Manly Dam Project

Melissa Smith reports on an extraordinary project around a water catchment near Sydney Harbour.

3 December, 2019
In Exhibitions,
Printmaking, Q&A

From top:

Melissa Smith, Silenced Flow (detail), 2019, intaglio collagraph print, 56 x 304 cm

Melissa Smith, Reaching into the stillness, 2019, intaglio collagraph print, 76 x 56 cm

Melissa Smith, Eva’s walk II, 2019, intaglio collagraph print, 76 x 168 cm

The Manly Dam Project has been inspired by the Manly Dam Reserve that is a unique landscape rich in natural biodiversity, shaped by the interventions of engineering and science. Once the source of drinking water in Sydney’s north, freshwater continues to flow from the catchment to the sea. Along with a rich Aboriginal cultural significance, the area’s European history is layered with stories of social and recreational activity. Adjacent to the Reserve is the Water Research Laboratory (WRL), a facility of the School of Civil and Environmental Engineering, UNSW Sydney where international research is undertaken.

Katherine Roberts, Senior Curator – Manly Art Gallery and Museum and Ian Turner, Professor and Director of the WRL have curated the Manly Dam Project. Eight contemporary artists were invited from a variety of practices to create new work inspired by place, history, water management and engineering. Four of these artists collaborated with engineers from the WRL.

 

As one of the participating artists I had the opportunity to develop a new body of prints in response to the biodiversity of the Manly Dam Reserve. On visiting the site in late March 2019 the invited artists were privileged to spend a morning walking through the bush land, guided by Aboriginal Heritage Officer, Karen Smith. She introduced us to some of the vast number of flora and fauna species and generously explained the significance of this area to Aboriginal culture.

Situated in the middle of suburbia, Manly Dam Reserve provides a sense of quietness, layered in its own history and stories. The impression of Curl Curl Creek remains on the floor of the dam as evidence of the time before the wall was built to capture a water source for a growing town in the late 1800s. These waters, now still harbour vast colonies of microscopic plankton species that change with the seasons, unseen but an integral part of this uniquely diverse environment. Susan Fenech, Professional Officer at the University of Technology, Sydney provided me with images of a range of plankton that had been collected from Manly Dam for research. These minute animals were integrated into the design for my work, Silenced Flow.

The prints I have created reference these layers from the micro to the macro in the water and in the depiction of the shifting perspective of moving through the bush land; the eye drawn to points of focus close by and others in the distance.

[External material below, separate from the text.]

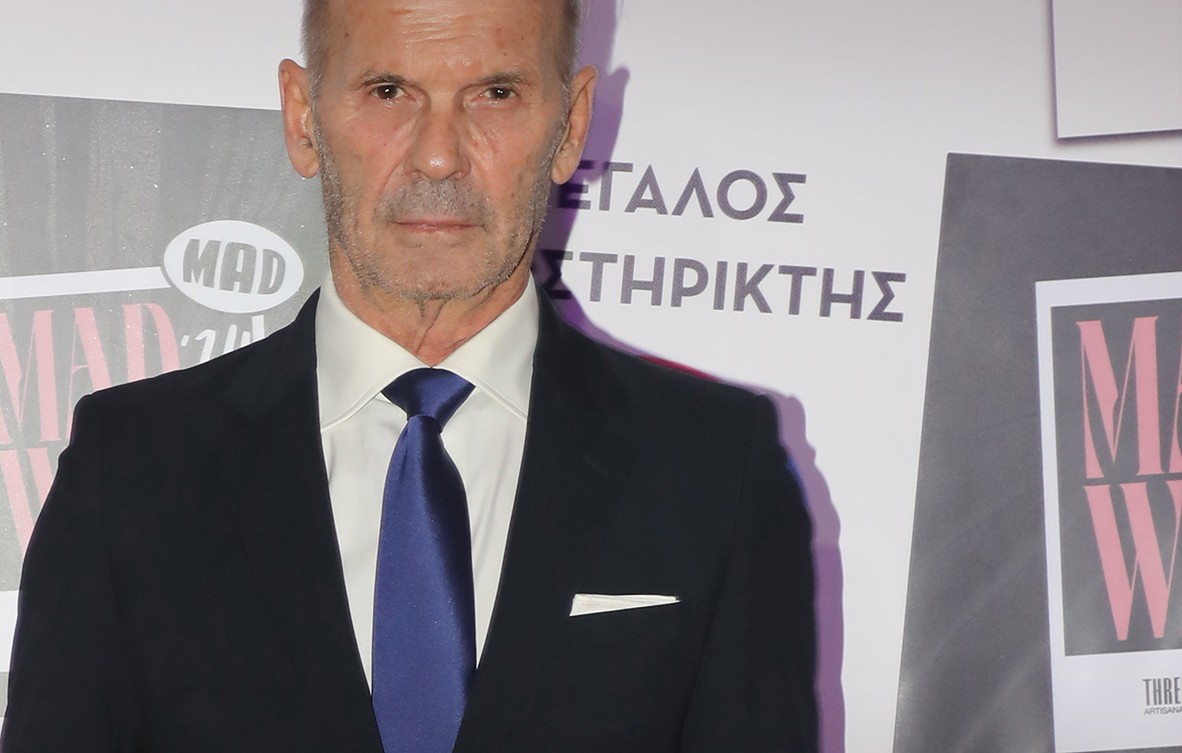 Συλλήψεις οπαδών επίθεση Άγιος Δημήτριος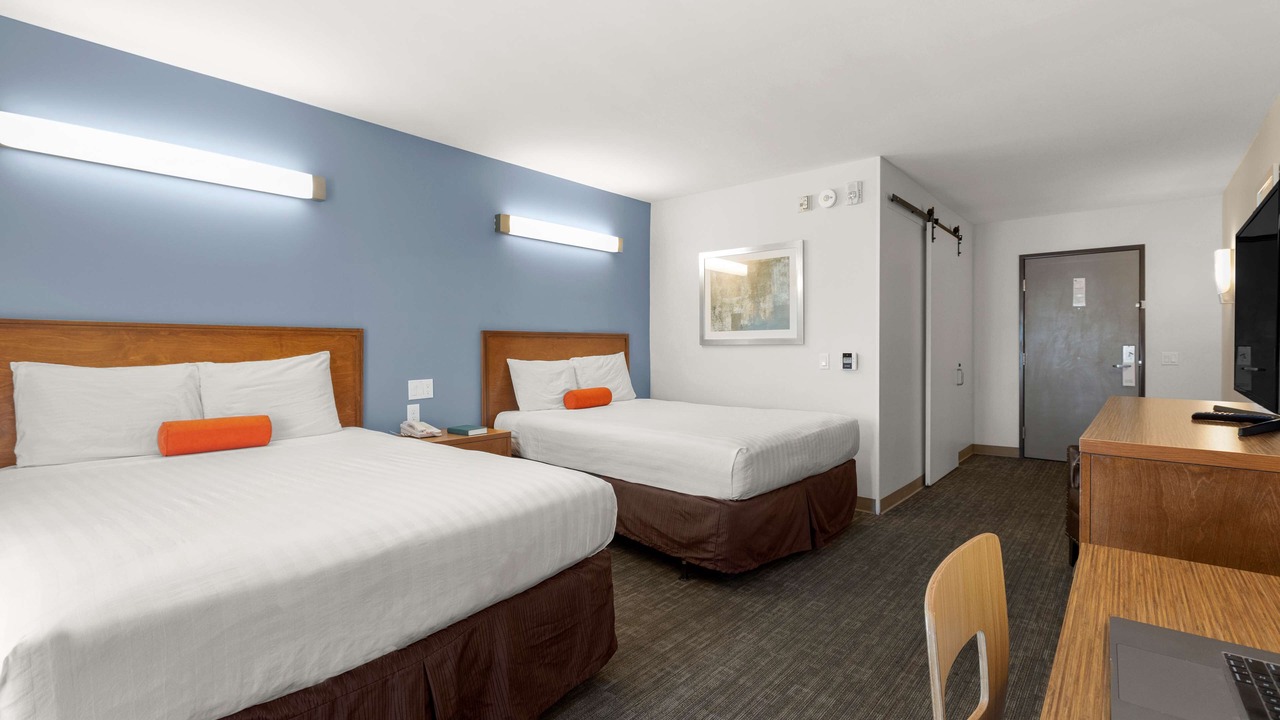 Photo of Bedroom in Redwood City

I returned to the site again in September in the hope of catching the annual bloom of the wildflowers, which are most prominent on the eastern side of the Dam. I wasn’t disappointed; I discovered a myriad of different varieties that punctuated the bush and sandstone shelves of the landscape with colour and texture.

My prints aim to represent these contrasts and layers. Panoramic views of the water caught through a veil of trees endeavour to represent a sense of peace and understanding found through listening to this landscape. This site is a unique place of refuge and sanctuary found in the middle of an urban environment.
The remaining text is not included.